安倍政権よ、学者の意見を聞け――。国会で安保法案は「憲法違反だ」と批判した長谷部恭男早大教授と小林節慶大名誉教授が15日、日本記者クラブで会見。「法理」より「感情」優先で「合憲」と言い張る安倍政権に“再反論”し、安保法制のデタラメぶりを、改めて世界に訴えた。
まず、外国人記者からの質疑時間で反論の火ブタを切ったのは長谷部氏だ。「憲法学者の言う通りにしていたら、日本の平和と安全は守れない」と強弁する自民党の高村正彦副総裁について聞かれると、こう答えた。
「今回の安全保障法案は日本の安全を、むしろ危うくすると考えております。日本の安全を確実に守りたいのであれば、ぜひ学者の意見を聞くべきだと思っています」
学者をコケにし続ける高村に、普通ならブチ切れてもよさそうだが、長谷部、小林両氏は冷静だった。特に長谷部氏は、4日の「憲法審査会」に、自民党の参考人として出席したにもかかわらず、後から「人選ミスだ」とメチャクチャなイチャモンをつけられている。このことについても、長谷部氏はこう応じた。
「事務局が私を選んで、自民党が受け入れたと私は伺っています。コンスティテューショナリズム(立憲主義)の専門家で呼ばれたが、その人間がたまたま憲法9条について発言したのが、『けしからん』ということなのでしょう。しかし、私は質問があれば、自分の思っていることを答えるだけだと思います」
あくまで自分は真実を話すだけ――。会見で長谷部氏はクールな態度を貫いた。子供のケンカのように幼稚な論理をふっかける安倍政権と、同じ土俵に立つつもりはないのだろう。安倍首相が米上下両院合同会議で行った英語スピーチとは違い、長谷部氏の流暢な英語に外国人記者は何度もうなずいていた。
小林氏も時折、ジョークを交えながら安倍政権を痛烈に批判。仮に安保法制が成立した場合、「平和を傷つけられた」として政府を相手に訴訟の準備をしていることを明言した上で、こう話した。
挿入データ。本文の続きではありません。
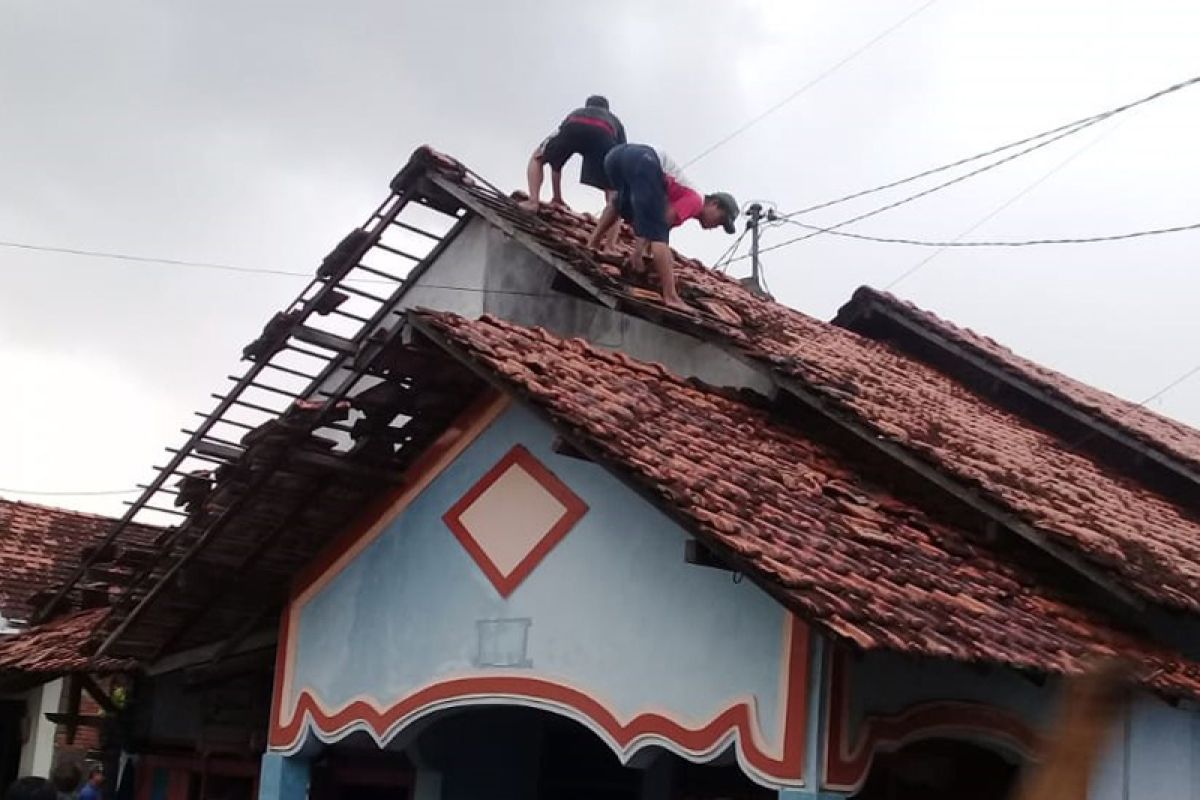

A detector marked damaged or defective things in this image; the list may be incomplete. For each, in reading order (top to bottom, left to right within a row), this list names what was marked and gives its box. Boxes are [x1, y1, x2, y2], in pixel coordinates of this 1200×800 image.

「恐ろしいのは、安保法制のような憲法違反がまかり通ると、憲法に従って政治を行うというルールがなくなり、北朝鮮のような国になってしまうことです。キム家と安倍家が一緒になっちゃう。それは絶対阻止しなければいけない。安倍さんのいうとおりにしたら、日本の自衛隊はアメリカの軍隊の“二軍”になるだけで、何ひとついいことはない。だから、安保法制は撤回すべきで、撤回しないならば選挙で倒すべきです」
両氏によると、95%もの憲法学者が安保法制は「違憲だ」としているという。菅義偉官房長官は「違憲ではないという学者もいっぱいいる」と言った後、「数の問題ではない」と取り繕ったが、「95%」という数字は大問題だろう。憲法学の権威である2人の再反論に安倍政権はグウの音も出ないんじゃないか。